This guy took one look at some scientists' code and instantly got a 14000x speed...

wredue · on Feb 10, 2024

Yeah. We had an in house report generator that was epicly slow (about 7 minutes to gen a single report)

We frequently have strange issue come in cause fucking vendors can’t stop making changes, then saying “nobody changed anything that would cause that”!

Anyway. I told my boss I’m going to spend a day optimizing this, and got back “we had people try, it’s not really a valuable use of time”.

Long story short, I know that processing 10,000 lines of data should absolutely not take 7 minutes and now it doesn’t. Now we can run our entire day in 30 seconds. No threads. No async. Half a day of optimization.

I think part of the problem with optimization today is that people are completely clueless about how fast computers are, and thus stay happy with being slow just as a matter of ignorance. The FP community pushing that all optimization is premature optimization doesn’t help either.

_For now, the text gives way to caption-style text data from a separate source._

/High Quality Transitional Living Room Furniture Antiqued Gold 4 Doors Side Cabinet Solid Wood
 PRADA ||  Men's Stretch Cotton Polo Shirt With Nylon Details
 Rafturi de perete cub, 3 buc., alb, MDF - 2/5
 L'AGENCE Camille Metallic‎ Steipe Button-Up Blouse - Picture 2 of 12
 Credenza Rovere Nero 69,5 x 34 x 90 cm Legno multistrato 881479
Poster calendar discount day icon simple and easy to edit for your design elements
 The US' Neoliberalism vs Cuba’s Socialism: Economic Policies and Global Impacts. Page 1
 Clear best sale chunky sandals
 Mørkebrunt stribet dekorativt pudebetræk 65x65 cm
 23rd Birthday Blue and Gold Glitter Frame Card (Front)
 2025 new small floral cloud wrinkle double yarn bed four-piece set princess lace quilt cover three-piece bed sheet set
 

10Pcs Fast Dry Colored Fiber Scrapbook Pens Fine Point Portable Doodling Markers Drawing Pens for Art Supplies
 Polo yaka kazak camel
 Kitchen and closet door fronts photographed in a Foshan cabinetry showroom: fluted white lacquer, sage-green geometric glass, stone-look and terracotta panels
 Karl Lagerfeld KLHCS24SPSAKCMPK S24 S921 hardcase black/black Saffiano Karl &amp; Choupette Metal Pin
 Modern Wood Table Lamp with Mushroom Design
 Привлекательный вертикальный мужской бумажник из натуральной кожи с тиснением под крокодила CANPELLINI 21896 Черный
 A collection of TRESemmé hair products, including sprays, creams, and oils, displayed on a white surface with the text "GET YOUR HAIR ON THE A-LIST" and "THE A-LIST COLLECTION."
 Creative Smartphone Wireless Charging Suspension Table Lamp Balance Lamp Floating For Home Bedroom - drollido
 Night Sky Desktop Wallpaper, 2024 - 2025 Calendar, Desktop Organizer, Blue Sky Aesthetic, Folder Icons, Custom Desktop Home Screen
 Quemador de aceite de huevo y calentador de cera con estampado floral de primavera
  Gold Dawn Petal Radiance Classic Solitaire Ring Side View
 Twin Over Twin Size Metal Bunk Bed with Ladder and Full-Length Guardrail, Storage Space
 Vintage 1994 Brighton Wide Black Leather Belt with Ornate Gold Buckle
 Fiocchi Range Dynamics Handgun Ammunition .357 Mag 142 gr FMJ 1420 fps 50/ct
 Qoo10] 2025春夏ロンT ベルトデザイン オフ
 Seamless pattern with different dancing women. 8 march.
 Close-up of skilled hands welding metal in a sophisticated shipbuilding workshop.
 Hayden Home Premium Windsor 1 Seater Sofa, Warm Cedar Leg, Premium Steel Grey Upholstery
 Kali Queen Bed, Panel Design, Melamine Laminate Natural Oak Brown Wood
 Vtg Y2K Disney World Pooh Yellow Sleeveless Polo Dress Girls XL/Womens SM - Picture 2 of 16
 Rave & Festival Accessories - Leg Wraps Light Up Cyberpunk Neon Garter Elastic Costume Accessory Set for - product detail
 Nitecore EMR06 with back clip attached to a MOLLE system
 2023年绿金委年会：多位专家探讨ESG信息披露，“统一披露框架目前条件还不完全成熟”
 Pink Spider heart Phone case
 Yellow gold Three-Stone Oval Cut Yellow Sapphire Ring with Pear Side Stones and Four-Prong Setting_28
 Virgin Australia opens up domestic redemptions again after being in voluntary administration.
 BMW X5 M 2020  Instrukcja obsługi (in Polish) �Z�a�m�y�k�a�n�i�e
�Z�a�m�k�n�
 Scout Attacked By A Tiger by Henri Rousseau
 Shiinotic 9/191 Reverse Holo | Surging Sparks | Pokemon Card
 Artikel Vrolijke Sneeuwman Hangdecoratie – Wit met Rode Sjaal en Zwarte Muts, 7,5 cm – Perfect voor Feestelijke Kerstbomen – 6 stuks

chriswarbo · on Feb 10, 2024

Urgh, reminds me of a production error that was caused by a job running on a timer, assuming that some other job would have finished by then. That lead to two obvious questions:

- Why is it on a timer, instead of being triggered when the first job was done?

- Why was that first job taking over an hour to process XML data?

Turns out the second one was accidentally-quadratic, since it was parsing a whole document to process its first record; then re-parsing the whole document to process its second record; etc. and this made it very slow when the XML was reaching several hundred MB.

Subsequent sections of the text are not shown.